You might need to register to read that. In short, anonymous federal law enforcement sources stated to the Post that Alberto Gonzales, Robert Mueller and Paul McNulty (the DAG, or Deputy Attorney General) all threatened to resign if President Bush orders the Jefferson papers returned to Congress. That’s a Saturday Night Massacre level-threat, over the WH reluctance to push a case relating to a #Democratic# member of Congress. If you found that puzzling, you weren’t the only one.

It seems to me that were this an ordinary corruption case, they wouldn’t threaten such draconian action. I am with Insty, who thinks that the Feebs may have stumbled into public corruption on a scale that… that is grand enough that even Republicans are running scared and willing to jump to the defense of William Jefferson. My liberal friends insist that it’s a Republican culture of corruption, my Republican friends insist it’s a Democratic Culture of Corruption, and my conservative and libertarian friends tend to agree with me that it’s a centralized government culture of corruption. I guess we’ll know more within a couple months, and if the corruption is widespread and bi-partisan, you can expect to see a voter revolt this fall.

  • Share/Bookmark
Comments appear entirely at the whim of the guy who pays the bills for this site, and may be deleted, edited, ridiculed, or otherwise pissed over as he in his capricious fancy sees fit. Thank you.
  1. May 27th, 2006 at 10:35 | #1
    It just gets better and better. If, by "better," one means "jawdroppingly, staggeringly, unbelievably worse," that is.
  2. Jeff MacMillan
    May 27th, 2006 at 12:44 | #2
    I think we already have a voter revolt.

    The way I see it, having never missed an election I wasn't physically able to make (missed an election only because my absentee ballot came to me too late), if I decide to not show up at the election ballot... Then I figure hundreds of thousands of conservatives will have also decided not to.

    Congress has proven itself to be too corrupt to care about their own constitutents. They only care about what gives them increasingly more control over the American People and thus more power for them.

  3. Wickedpinto
    May 27th, 2006 at 15:49 | #3
    Imagine of all the career politicians get kicked out, and we actually find idealistic, caring, sincere and noble people in congress?

    Not to mention, crippling congress isn't exactly a bad thing. a few years without these guys tooting their own horns, and people realizing "you know? The world didn't end, maybe we don't need all this insane legislation every year." And that includes all the onmibus packages.

  4. May 27th, 2006 at 17:04 | #4
    Unfortunately, I am of the opinion that most of the Washington power elite hear "The voters are revolting!" and they crack a smile and say "Well, as long as they don't rebel, I don't care how revolting they are!"

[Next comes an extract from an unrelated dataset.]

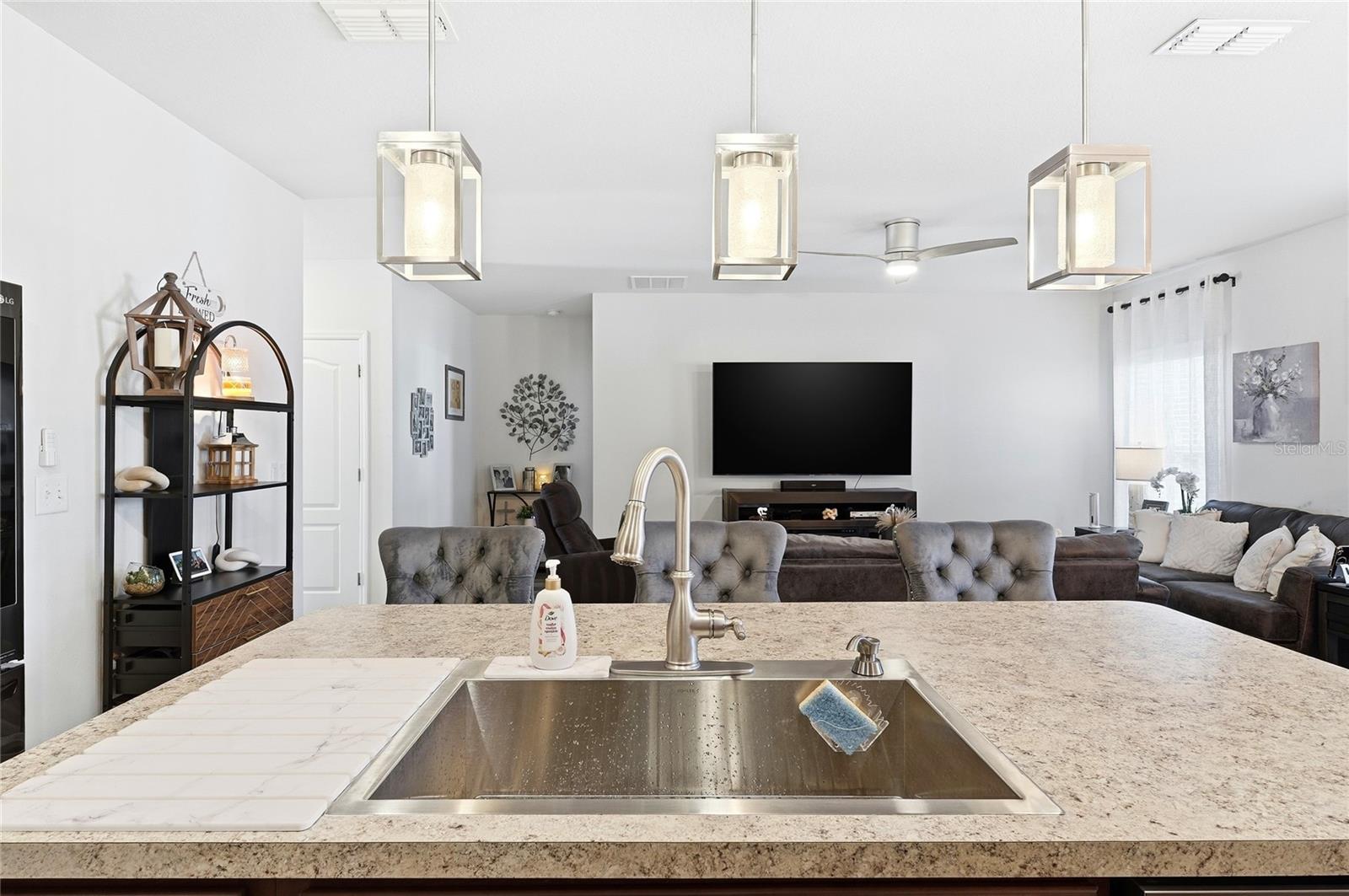 HIGHLAND MEADOWS PH 4A - Residential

    This seems to apply equally to the Dhimmicrats as well as the RINO's!

  5. David R. Block
    May 27th, 2006 at 17:08 | #5
    Does a sane political party exist? If not, then somebody needs to found one real damn quick.
  6. May 27th, 2006 at 22:00 | #6
    Al,

    This is about immigration. No Bush loyalist would threaten Bush with disloyalty, even ex post facto. Gonzales, with Bush's approval, is trying to beat up Hastert to pass that immigration monstrosity.

    Unfortunately, Hastert handed them the stick, by being wrong on the Debate Clause and tin-eared.

    Hastert is correct however to be concerned about any future President like say, the Maoist/Methodist She-Bitch From Hell, who might send over an FBI Director Craig Livingstone to paw through legislators' desks--much like Conyers wanted to paw through Cheney's Energy files.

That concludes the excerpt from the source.